2 - On pouvait aussi définir la notion de licenciement abusif dans la Loi, en dresser un bilan tous les deux ans, et corriger peu à peu les insuffisances de la définition, au vu de la jurisprudence.
Au lieu de cela, on a préféré « barémiser » les indemnités liées à des licenciements abusifs.
Problème : cette disposition revient à reconnaitre politiquement et juridiquement le droit pour l’un des signataires, de rompre abusivement un contrat signé entre deux parties. Jusqu’ici, cela était formellement interdit, à peine de forts dommages et intérêts ou encore de condamnation à une obligation de faire. Aujourd’hui, cette interdiction est transformée en «option». Je peux licencier abusivement un salarié, si je paye. C’est juste une question de prix. Qu’on le veuille ou non, c’est un beau coup de canif dans notre pacte républicain.
Nous sommes là devant une nouveauté qui nous éloigne fortement du code Napoléon, qui brillait par sa rigueur, sa formulation parfaite, et sa philosophie qui s’inscrivait dans la durée. L’article 1134 du code civil dispose :
1 – « Les conventions légalement formées tiennent lieu de loi à ceux qui les ont faites. (Il faut donc les respecter)
2 - Elles ne peuvent être révoquées que de leur consentement mutuel, ou pour les causes que la loi autorise. (On ne peut donc pas les rompre abusivement)
3 - Elles doivent être exécutées de bonne foi ». (Nouvelle interdiction de rupture abusive, et insertion d’un minimum d’éthique dans la mise en œuvre des contrats).
Si j’étais la grande distribution et/ou une très grande entreprise travaillant avec de multiples sous-traitants (automobile, par ex) , je m’engouffrerais rapidement dans cette première brèche pour faire barémiser peu à peu toutes les demandes de dommages et intérêts pour rupture abusive dans les contrats. Au nom de quel principe cette disposition devrait-elle rester cantonnée au seul droit du travail ? Pourquoi ne pas l’étendre à tous les contrats ? Et au diable l’article 1134 du code civil.

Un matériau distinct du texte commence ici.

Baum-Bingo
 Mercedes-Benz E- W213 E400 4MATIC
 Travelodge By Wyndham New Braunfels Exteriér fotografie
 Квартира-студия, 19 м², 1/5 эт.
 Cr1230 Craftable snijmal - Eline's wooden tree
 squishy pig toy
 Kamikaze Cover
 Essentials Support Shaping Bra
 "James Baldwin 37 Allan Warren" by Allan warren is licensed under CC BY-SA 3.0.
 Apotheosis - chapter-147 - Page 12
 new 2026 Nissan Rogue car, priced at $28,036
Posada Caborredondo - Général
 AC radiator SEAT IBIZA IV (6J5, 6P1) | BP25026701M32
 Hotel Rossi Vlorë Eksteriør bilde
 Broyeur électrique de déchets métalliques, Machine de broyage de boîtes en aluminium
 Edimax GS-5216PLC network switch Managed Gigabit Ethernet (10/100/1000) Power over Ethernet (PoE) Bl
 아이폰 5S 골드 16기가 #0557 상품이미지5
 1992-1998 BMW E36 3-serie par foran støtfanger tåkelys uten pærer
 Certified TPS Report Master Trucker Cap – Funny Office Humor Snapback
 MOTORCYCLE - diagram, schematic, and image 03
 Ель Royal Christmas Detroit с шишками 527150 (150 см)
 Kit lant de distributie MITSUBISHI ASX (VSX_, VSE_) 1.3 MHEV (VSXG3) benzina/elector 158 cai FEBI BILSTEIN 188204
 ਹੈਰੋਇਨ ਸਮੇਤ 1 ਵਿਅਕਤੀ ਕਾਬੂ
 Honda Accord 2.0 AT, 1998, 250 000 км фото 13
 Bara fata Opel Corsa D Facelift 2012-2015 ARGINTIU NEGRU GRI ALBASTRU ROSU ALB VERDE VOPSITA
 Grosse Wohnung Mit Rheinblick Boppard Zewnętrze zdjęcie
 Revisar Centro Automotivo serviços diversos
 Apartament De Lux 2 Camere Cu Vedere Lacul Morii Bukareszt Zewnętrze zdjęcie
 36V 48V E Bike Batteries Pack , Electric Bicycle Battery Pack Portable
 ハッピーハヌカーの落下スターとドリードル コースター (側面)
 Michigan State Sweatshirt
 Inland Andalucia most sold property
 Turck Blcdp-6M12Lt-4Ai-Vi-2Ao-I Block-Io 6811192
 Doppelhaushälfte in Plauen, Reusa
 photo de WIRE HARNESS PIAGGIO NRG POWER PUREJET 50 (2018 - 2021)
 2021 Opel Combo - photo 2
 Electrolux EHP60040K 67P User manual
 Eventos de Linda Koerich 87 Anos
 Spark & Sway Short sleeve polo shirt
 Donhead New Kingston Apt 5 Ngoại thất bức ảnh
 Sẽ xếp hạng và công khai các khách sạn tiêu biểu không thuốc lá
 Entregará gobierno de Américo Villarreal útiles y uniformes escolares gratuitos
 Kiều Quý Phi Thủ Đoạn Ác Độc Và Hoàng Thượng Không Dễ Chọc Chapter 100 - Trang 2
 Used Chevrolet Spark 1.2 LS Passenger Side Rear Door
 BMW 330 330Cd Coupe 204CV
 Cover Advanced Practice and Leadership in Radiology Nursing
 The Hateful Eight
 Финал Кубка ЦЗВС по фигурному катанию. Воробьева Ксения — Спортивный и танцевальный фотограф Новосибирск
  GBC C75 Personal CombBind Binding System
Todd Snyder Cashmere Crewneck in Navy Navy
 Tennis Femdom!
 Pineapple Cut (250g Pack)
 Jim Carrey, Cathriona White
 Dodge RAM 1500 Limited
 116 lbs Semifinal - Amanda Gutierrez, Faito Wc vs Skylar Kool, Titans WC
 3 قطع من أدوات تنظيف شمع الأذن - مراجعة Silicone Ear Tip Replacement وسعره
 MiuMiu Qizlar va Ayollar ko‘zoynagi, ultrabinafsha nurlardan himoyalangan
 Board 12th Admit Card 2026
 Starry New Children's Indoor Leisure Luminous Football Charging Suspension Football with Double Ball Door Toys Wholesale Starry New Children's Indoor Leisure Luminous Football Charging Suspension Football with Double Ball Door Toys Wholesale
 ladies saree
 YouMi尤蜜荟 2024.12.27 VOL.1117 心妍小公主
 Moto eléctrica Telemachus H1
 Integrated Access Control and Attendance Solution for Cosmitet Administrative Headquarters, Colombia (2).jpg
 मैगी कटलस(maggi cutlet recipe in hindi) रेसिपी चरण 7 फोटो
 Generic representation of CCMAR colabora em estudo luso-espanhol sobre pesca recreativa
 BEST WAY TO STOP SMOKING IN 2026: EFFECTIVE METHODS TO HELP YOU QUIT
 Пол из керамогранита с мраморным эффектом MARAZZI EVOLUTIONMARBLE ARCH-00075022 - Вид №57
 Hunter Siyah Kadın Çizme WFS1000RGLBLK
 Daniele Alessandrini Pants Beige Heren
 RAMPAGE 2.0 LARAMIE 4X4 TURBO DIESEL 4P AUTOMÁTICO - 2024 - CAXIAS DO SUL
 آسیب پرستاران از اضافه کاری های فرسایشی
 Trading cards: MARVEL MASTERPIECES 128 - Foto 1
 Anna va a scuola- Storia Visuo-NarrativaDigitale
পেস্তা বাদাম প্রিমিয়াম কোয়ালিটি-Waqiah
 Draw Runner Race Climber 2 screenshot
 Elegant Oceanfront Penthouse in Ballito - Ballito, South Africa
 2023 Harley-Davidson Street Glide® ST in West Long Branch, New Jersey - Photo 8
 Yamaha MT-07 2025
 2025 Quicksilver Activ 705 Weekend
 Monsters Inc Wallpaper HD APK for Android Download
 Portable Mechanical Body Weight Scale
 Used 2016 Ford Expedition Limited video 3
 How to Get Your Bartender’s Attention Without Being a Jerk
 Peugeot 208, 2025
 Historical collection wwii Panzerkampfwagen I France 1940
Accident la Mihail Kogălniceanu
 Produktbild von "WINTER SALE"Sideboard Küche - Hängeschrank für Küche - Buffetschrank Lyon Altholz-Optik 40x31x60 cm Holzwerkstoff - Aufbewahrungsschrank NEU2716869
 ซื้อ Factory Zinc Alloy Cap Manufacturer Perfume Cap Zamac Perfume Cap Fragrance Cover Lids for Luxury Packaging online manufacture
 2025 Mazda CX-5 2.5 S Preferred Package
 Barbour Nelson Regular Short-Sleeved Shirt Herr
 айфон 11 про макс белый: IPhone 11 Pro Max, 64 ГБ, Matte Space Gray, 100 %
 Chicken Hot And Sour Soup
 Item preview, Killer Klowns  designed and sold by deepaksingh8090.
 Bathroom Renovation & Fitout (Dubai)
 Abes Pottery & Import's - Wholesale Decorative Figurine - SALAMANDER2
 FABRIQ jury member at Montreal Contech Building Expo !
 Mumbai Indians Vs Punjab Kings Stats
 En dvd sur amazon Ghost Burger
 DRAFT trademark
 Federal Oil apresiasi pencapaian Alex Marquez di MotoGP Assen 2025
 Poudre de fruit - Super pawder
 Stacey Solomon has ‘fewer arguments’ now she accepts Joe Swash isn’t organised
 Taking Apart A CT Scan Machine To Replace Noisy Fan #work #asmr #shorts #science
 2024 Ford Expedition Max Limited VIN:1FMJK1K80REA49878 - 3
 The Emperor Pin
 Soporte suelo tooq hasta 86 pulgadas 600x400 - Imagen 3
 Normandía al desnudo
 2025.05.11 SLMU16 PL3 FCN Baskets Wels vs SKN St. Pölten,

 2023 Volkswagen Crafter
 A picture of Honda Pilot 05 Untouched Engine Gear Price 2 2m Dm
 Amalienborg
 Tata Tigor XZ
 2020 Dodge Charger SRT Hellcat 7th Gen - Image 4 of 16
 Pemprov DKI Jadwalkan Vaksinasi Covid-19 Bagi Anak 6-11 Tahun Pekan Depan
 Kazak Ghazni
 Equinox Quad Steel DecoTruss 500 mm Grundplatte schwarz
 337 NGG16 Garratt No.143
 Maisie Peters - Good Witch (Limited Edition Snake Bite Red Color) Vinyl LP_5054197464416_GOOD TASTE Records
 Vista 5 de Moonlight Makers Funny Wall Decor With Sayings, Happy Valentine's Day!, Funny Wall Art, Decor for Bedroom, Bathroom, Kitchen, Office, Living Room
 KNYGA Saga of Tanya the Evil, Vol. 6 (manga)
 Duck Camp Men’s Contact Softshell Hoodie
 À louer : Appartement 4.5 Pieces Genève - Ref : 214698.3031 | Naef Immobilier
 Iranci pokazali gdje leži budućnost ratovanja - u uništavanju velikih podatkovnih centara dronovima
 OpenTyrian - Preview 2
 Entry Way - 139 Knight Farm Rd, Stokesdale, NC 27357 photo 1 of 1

Avec une telle évolution, qui sera toujours le gagnant à terme ? Assurément le plus fort. C’est bien le problème, car dans une nation civilisée, le droit a notamment pour mission de mettre à égalité le fort et le faible. Le slogan de 68 était : « il est interdit d’interdire ». J’espère que nous ne sommes pas en train d’y revenir insidieusement.